◆ **Material provided**
# # # #

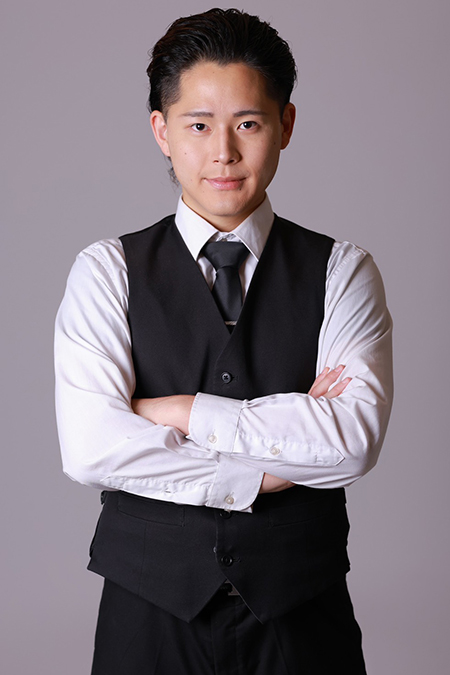 龍雅 CENTRAL 大阪 ミナミ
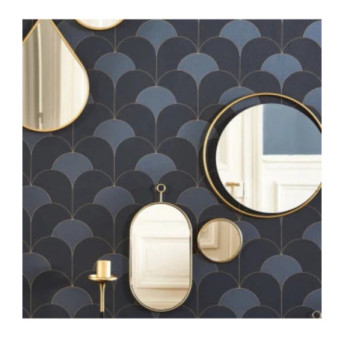 Papier peint CASADECO collection TWENTIES référence TWN88686406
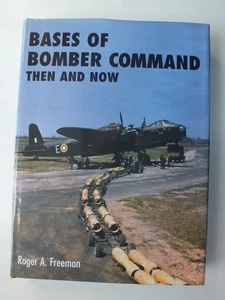 Bases of Bomber Command: Then and Now (After the Battle) - Picture 1 of 5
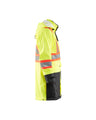 Blaklader Hi-Vis Rain Coat (CSA Class)– – Now available at MTN Shop US.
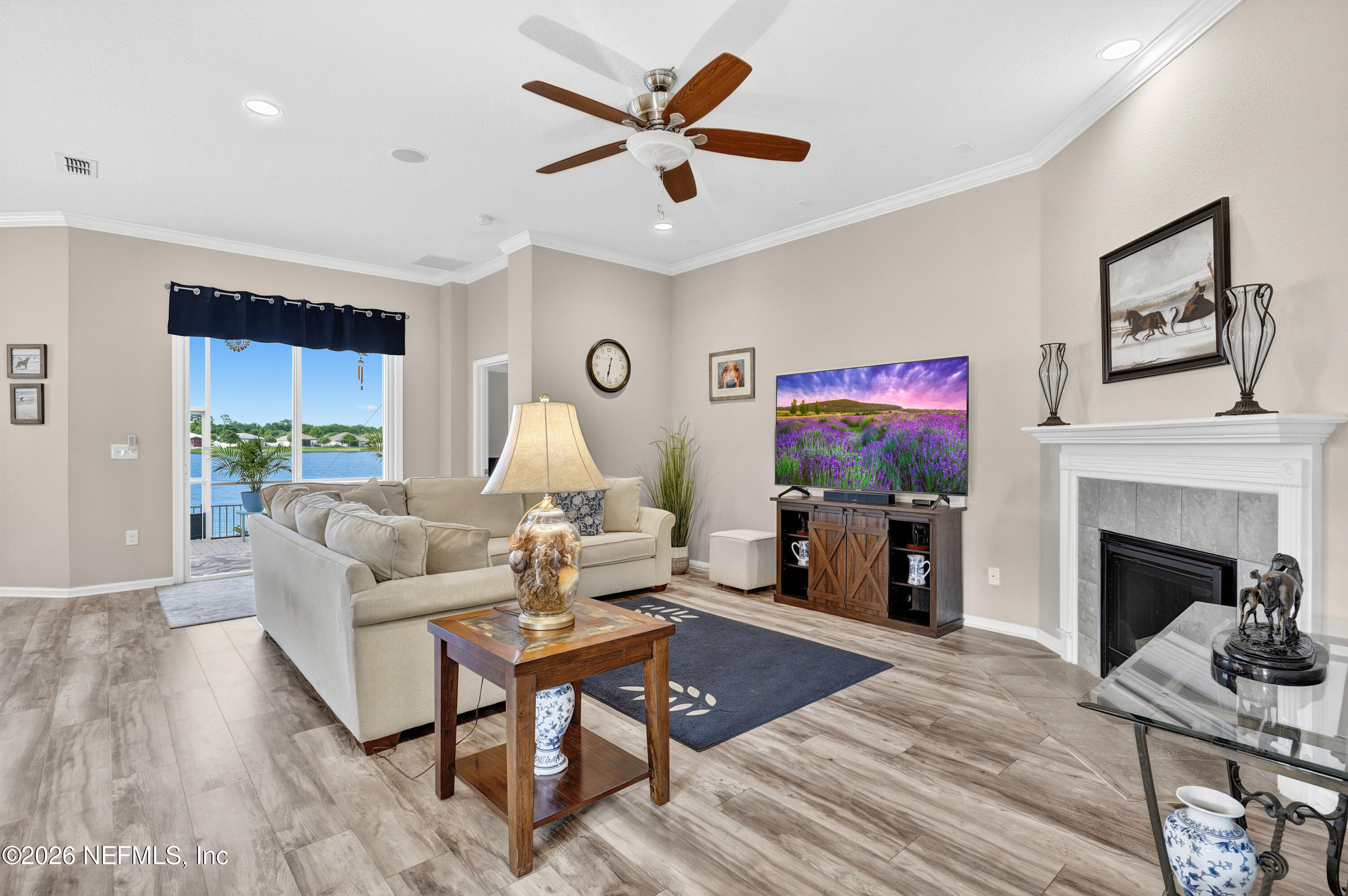 458 Deer Crossing Road St. Augustine, FL 32086 - Photo 2 of 54 DSC08425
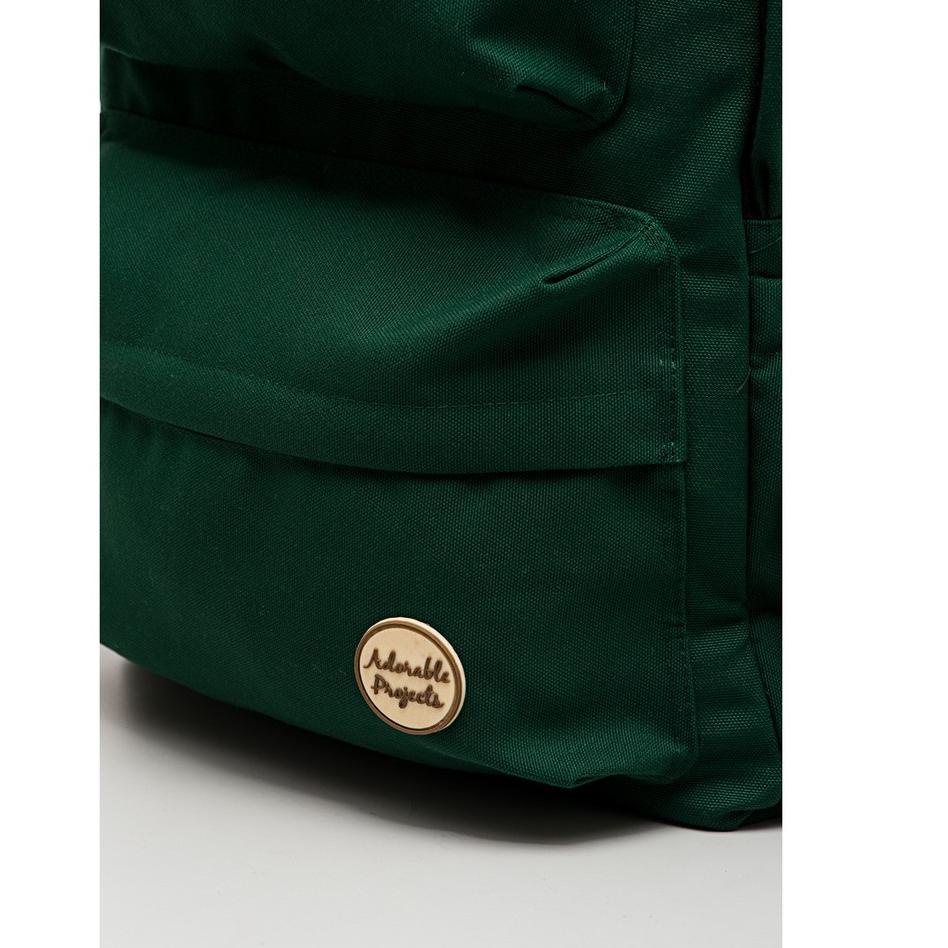 Produk Trending Adorableprojects - Elonida Backpack Green -  Tas Ransel Wanita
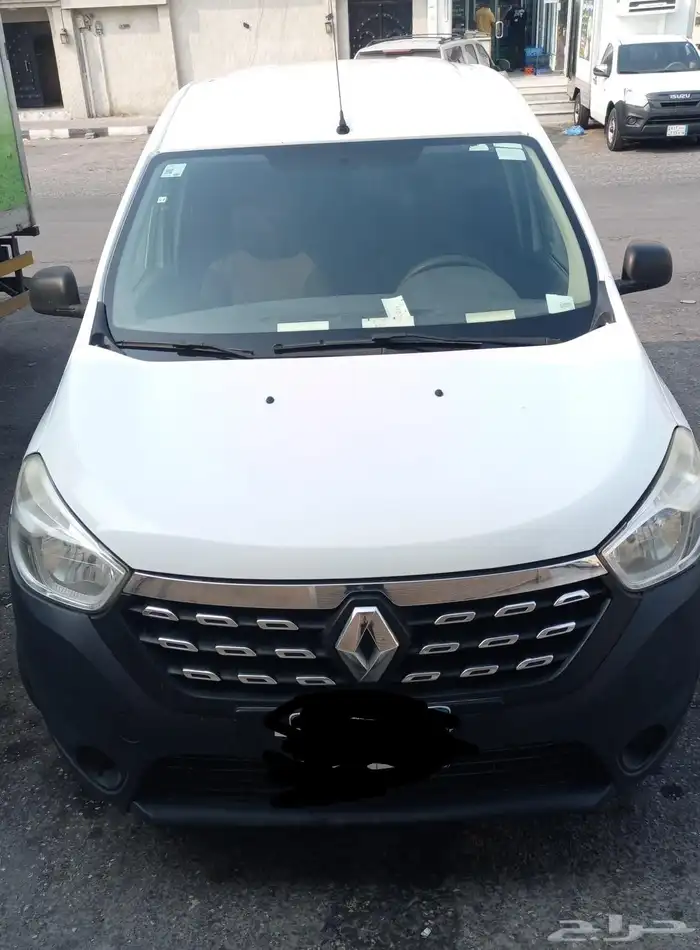 سيارة رينو للبيع موديل 2021 الدمام 0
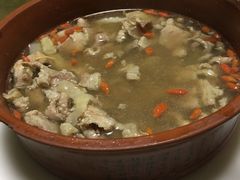 -宏记广东客家菜(丰汇店)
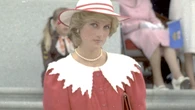 Po ślubie Elżbieta II zwróciła się do Diany. 40 lat później jej słowa odczytano z ruchu warg
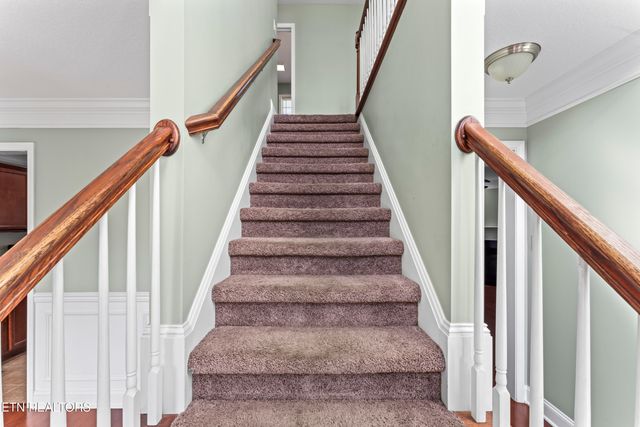 6313 McMillan Creek Drive, Knoxville, TN 37924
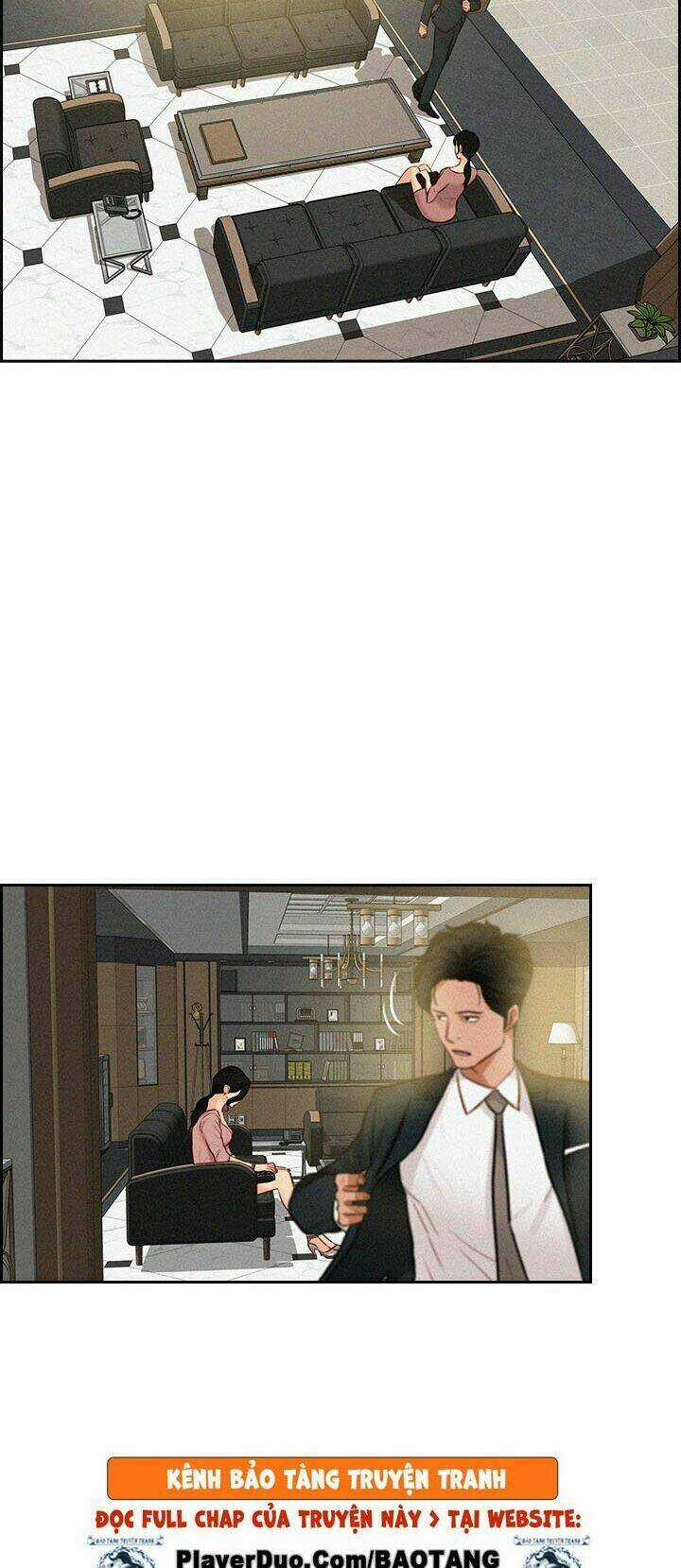 Chúa Tể Đồng Tiền Chapter 17 trang 19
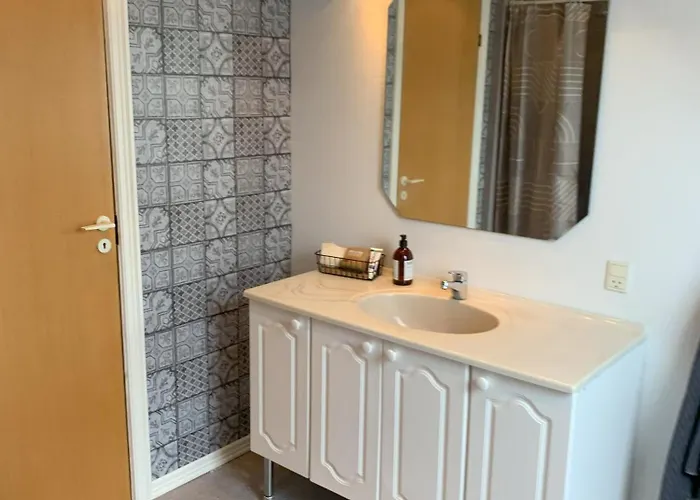 “den Gamle Lade I Hejls” Alojamento de Acomodação e Pequeno-almoço 4*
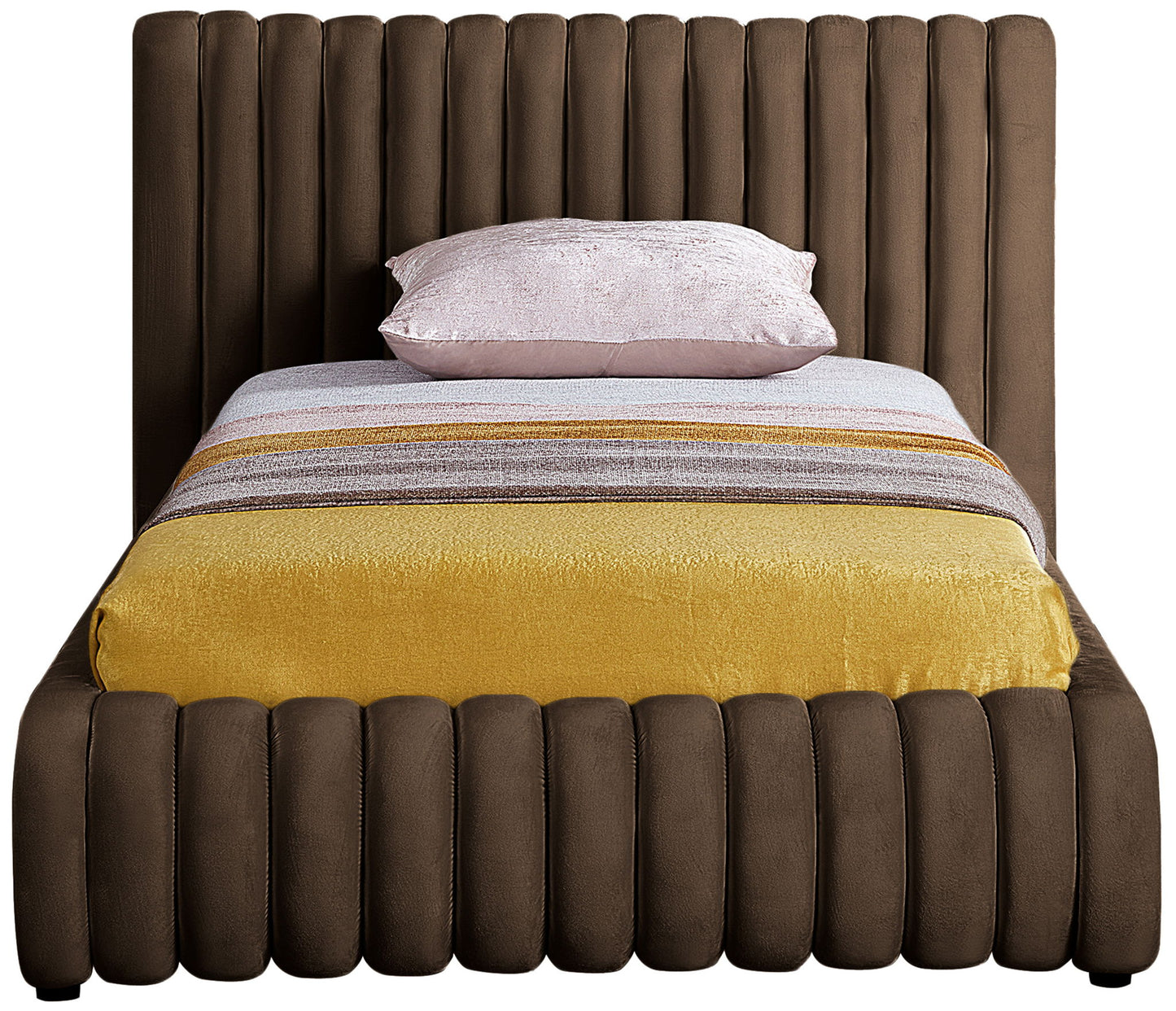 Nico - Bed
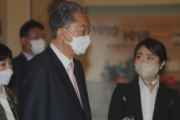 【聯合ニュース】鳩山元首相　韓国・羅州の独立運動記念館を訪問 「もういいと言われるで日本が謝り続ける必要がある」 [10/6]  [新種のホケモン★]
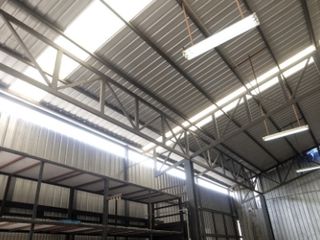 For rent warehouse in Pak Kret, Nonthaburi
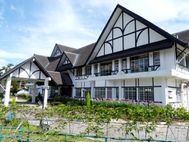 Cameron Highlands Tanah rata (3)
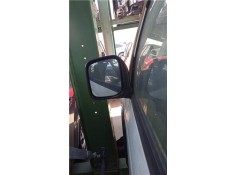 Recambio de retrovisor electrico izquierdo para mitsubishi montero (v20/v40) 2.8 d a las 4 ruedas (v46w, v26w) referencia OEM IA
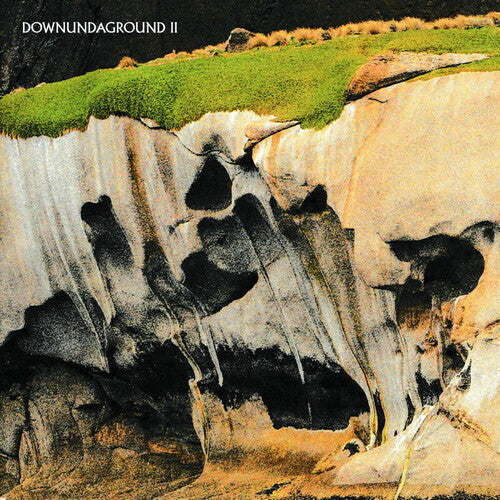 Various Artists - Downundaground II / Various (Vinyl) { Vinyl } 【 VINYL 】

# # # #

◆ **Aim of the task**
Could you restate every record above word for word, leaving the pictures out?

◆ **Answer below**
 龍雅 CENTRAL 大阪 ミナミ
 Papier peint CASADECO collection TWENTIES référence TWN88686406
 Bases of Bomber Command: Then and Now (After the Battle) - Picture 1 of 5
 Blaklader Hi-Vis Rain Coat (CSA Class)– – Now available at MTN Shop US.
 458 Deer Crossing Road St. Augustine, FL 32086 - Photo 2 of 54 DSC08425
 Produk Trending Adorableprojects - Elonida Backpack Green -  Tas Ransel Wanita
 سيارة رينو للبيع موديل 2021 الدمام 0
 -宏记广东客家菜(丰汇店)
 Po ślubie Elżbieta II zwróciła się do Diany. 40 lat później jej słowa odczytano z ruchu warg
 6313 McMillan Creek Drive, Knoxville, TN 37924
 Chúa Tể Đồng Tiền Chapter 17 trang 19
 “den Gamle Lade I Hejls” Alojamento de Acomodação e Pequeno-almoço 4*
 Nico - Bed
 【聯合ニュース】鳩山元首相　韓国・羅州の独立運動記念館を訪問 「もういいと言われるで日本が謝り続ける必要がある」 [10/6]  [新種のホケモン★]
 For rent warehouse in Pak Kret, Nonthaburi
 Cameron Highlands Tanah rata (3)
 Recambio de retrovisor electrico izquierdo para mitsubishi montero (v20/v40) 2.8 d a las 4 ruedas (v46w, v26w) referencia OEM IA
 Various Artists - Downundaground II / Various (Vinyl) { Vinyl } 【 VINYL 】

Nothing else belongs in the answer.